**WORK TO BE COMPLETED:**
In the material below, find the line that contains "Врач нейрохирург Краснодар" and the line that contains "Radiografia Normal — NIH Chest X-ray14", then write out exactly those two lines and everything between them.
Top of INFORMATION SUPPLIED
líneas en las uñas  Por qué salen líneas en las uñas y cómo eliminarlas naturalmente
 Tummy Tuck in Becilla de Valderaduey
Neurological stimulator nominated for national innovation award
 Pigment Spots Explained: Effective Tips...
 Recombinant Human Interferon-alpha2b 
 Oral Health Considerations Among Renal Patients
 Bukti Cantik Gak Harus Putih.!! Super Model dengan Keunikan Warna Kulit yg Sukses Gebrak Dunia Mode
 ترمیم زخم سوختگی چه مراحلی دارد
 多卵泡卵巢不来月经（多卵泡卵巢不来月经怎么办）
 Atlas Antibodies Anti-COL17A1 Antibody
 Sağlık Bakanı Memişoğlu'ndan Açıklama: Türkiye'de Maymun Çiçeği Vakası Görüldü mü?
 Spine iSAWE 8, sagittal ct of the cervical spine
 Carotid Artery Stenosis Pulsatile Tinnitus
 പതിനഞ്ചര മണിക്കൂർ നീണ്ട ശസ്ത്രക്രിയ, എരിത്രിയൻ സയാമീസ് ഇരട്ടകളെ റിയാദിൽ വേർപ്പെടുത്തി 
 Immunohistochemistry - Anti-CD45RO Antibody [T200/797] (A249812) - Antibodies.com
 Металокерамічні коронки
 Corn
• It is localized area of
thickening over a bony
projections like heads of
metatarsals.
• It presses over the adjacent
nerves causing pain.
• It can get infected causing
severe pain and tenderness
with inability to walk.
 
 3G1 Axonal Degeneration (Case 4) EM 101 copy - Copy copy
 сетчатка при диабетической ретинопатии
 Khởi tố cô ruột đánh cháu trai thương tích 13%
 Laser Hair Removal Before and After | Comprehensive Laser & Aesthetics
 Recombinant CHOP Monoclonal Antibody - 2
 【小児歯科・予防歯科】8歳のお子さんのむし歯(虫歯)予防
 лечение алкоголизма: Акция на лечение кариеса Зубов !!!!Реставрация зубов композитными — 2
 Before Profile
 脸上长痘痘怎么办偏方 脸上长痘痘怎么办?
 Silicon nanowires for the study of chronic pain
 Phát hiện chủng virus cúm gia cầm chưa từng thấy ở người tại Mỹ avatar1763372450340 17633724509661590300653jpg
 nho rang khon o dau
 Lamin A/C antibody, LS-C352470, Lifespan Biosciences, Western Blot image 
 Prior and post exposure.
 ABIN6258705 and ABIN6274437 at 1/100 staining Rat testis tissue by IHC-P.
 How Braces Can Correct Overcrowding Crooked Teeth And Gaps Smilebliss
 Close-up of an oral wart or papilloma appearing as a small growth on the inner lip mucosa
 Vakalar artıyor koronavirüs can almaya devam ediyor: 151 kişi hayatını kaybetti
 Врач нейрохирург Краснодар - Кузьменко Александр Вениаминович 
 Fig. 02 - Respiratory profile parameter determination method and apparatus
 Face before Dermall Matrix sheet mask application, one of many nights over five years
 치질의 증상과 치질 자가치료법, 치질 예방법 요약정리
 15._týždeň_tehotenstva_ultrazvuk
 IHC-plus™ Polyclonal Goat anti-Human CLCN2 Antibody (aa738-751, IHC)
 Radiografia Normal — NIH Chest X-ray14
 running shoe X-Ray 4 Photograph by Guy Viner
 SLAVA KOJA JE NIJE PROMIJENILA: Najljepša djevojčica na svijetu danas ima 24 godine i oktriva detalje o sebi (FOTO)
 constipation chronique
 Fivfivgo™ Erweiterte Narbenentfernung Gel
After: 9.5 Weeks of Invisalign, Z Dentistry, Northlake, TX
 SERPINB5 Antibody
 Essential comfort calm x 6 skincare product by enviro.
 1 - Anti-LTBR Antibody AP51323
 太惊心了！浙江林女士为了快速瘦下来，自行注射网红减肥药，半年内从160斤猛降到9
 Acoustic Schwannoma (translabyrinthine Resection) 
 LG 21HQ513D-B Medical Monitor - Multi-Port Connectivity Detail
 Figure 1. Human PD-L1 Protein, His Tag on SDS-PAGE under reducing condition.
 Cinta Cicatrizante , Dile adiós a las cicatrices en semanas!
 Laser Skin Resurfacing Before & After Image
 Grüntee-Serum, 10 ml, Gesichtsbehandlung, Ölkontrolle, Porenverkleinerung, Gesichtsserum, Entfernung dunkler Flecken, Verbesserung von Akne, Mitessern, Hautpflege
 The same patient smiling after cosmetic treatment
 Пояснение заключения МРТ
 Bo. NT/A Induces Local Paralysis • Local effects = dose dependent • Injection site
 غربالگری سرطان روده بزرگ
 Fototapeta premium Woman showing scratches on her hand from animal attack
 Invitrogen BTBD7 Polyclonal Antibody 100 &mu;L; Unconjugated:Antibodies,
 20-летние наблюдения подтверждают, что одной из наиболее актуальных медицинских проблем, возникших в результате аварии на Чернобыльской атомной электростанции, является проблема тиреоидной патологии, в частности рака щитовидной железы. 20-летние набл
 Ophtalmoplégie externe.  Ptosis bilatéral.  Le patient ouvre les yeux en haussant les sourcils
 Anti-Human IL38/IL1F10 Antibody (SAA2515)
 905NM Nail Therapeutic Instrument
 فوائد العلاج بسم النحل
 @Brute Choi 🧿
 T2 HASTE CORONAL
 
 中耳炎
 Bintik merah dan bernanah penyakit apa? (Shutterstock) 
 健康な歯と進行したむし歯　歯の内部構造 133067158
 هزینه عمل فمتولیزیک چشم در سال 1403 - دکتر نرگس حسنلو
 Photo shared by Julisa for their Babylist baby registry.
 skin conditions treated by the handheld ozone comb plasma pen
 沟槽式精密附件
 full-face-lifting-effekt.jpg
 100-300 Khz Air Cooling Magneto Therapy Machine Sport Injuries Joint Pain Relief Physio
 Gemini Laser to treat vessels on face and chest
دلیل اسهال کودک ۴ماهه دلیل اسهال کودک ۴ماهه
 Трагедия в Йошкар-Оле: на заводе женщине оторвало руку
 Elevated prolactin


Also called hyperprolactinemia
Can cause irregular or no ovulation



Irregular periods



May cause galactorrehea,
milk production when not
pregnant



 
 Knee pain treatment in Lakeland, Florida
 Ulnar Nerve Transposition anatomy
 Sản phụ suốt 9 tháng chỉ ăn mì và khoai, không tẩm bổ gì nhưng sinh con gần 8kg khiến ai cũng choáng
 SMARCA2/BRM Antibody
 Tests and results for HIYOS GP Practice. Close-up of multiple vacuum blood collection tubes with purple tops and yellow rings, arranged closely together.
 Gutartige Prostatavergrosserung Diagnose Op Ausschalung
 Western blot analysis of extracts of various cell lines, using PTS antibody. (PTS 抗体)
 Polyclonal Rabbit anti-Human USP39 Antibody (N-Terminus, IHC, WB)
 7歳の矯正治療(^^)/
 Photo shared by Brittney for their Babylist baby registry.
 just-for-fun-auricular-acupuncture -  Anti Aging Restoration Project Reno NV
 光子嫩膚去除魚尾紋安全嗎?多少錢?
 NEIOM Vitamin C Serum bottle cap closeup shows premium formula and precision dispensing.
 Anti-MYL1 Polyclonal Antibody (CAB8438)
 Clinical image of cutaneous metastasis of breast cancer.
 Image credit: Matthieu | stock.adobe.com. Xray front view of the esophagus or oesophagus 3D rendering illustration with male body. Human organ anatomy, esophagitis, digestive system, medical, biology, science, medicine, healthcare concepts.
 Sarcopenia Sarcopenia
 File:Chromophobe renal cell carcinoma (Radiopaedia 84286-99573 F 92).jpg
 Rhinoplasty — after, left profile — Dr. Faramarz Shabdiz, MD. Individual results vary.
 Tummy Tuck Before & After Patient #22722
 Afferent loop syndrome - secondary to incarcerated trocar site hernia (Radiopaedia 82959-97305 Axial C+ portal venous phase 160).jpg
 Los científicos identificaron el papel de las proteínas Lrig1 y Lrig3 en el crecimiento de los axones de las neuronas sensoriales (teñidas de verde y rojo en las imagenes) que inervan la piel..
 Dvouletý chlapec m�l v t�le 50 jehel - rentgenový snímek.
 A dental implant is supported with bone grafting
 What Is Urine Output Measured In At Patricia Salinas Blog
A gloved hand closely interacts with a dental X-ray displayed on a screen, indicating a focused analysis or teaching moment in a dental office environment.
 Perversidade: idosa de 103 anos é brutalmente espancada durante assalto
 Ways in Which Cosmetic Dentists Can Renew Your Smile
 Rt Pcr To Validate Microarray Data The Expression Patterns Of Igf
Bottom of INFORMATION SUPPLIED
**SOLVED PROBLEM:**
 Врач нейрохирург Краснодар - Кузьменко Александр Вениаминович 
 Fig. 02 - Respiratory profile parameter determination method and apparatus
 Face before Dermall Matrix sheet mask application, one of many nights over five years
 치질의 증상과 치질 자가치료법, 치질 예방법 요약정리
 15._týždeň_tehotenstva_ultrazvuk
 IHC-plus™ Polyclonal Goat anti-Human CLCN2 Antibody (aa738-751, IHC)
 Radiografia Normal — NIH Chest X-ray14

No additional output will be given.